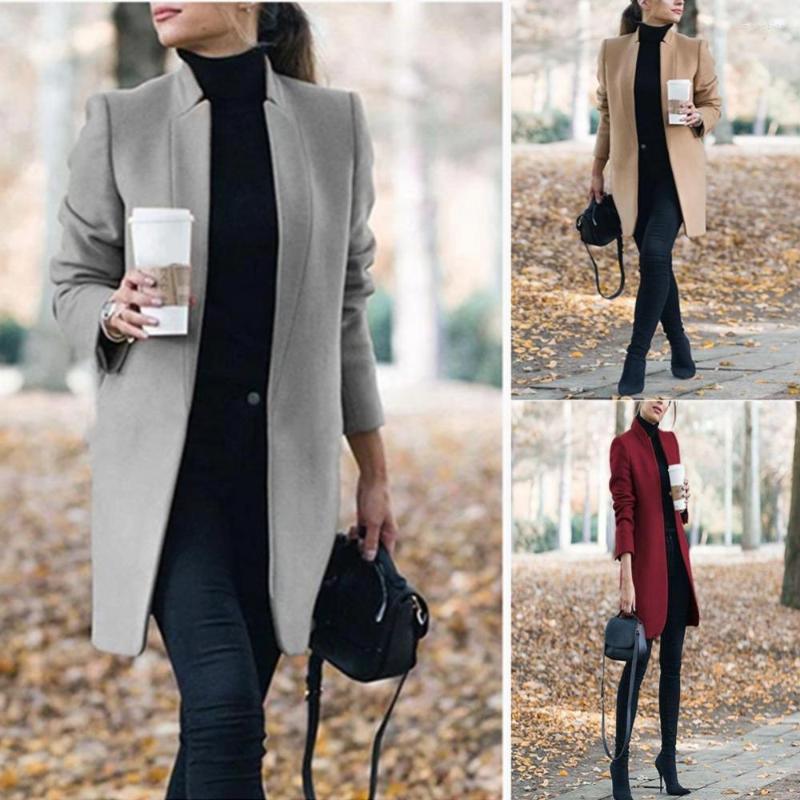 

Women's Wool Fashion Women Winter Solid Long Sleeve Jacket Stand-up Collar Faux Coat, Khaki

- - -

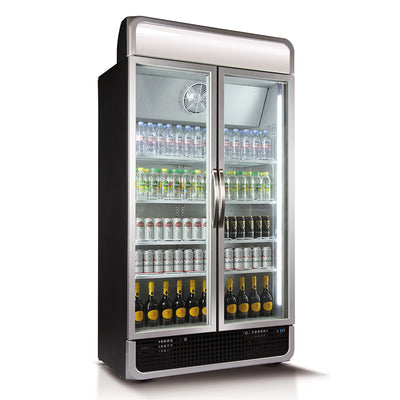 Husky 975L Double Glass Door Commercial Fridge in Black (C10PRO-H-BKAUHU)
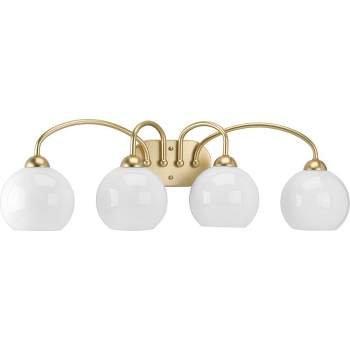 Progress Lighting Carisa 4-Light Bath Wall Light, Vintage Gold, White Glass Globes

- - -

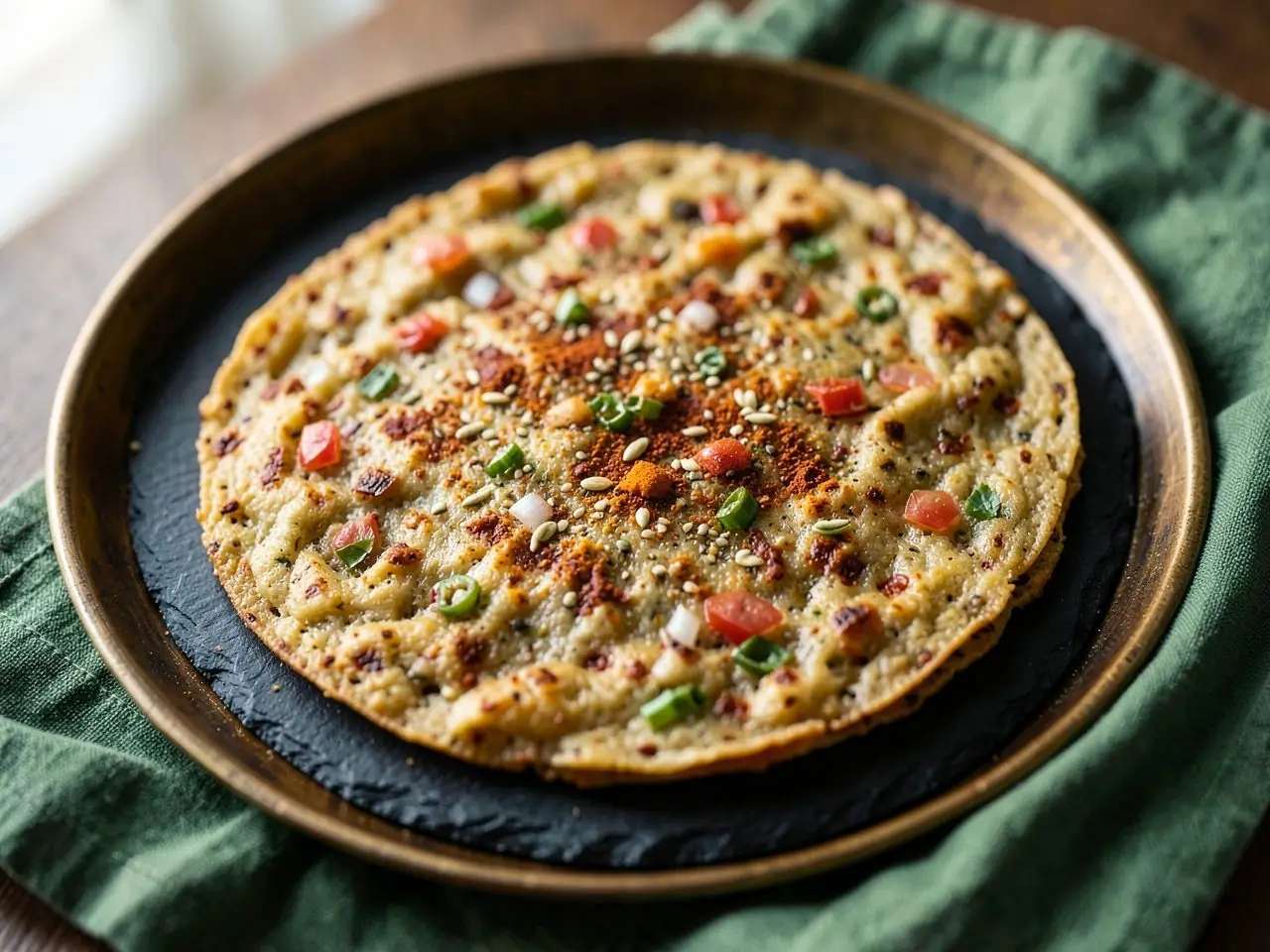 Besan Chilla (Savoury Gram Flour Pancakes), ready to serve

- - -

TASK REQUIREMENTS: Using the records above, print exactly the run of lines that starts with the line with "Husky 975L Double" and goes on through the line with "Progress Lighting Carisa", pictures excluded.

ANSWER TO THIS EXERCISE:
 Husky 975L Double Glass Door Commercial Fridge in Black (C10PRO-H-BKAUHU)
 Progress Lighting Carisa 4-Light Bath Wall Light, Vintage Gold, White Glass Globes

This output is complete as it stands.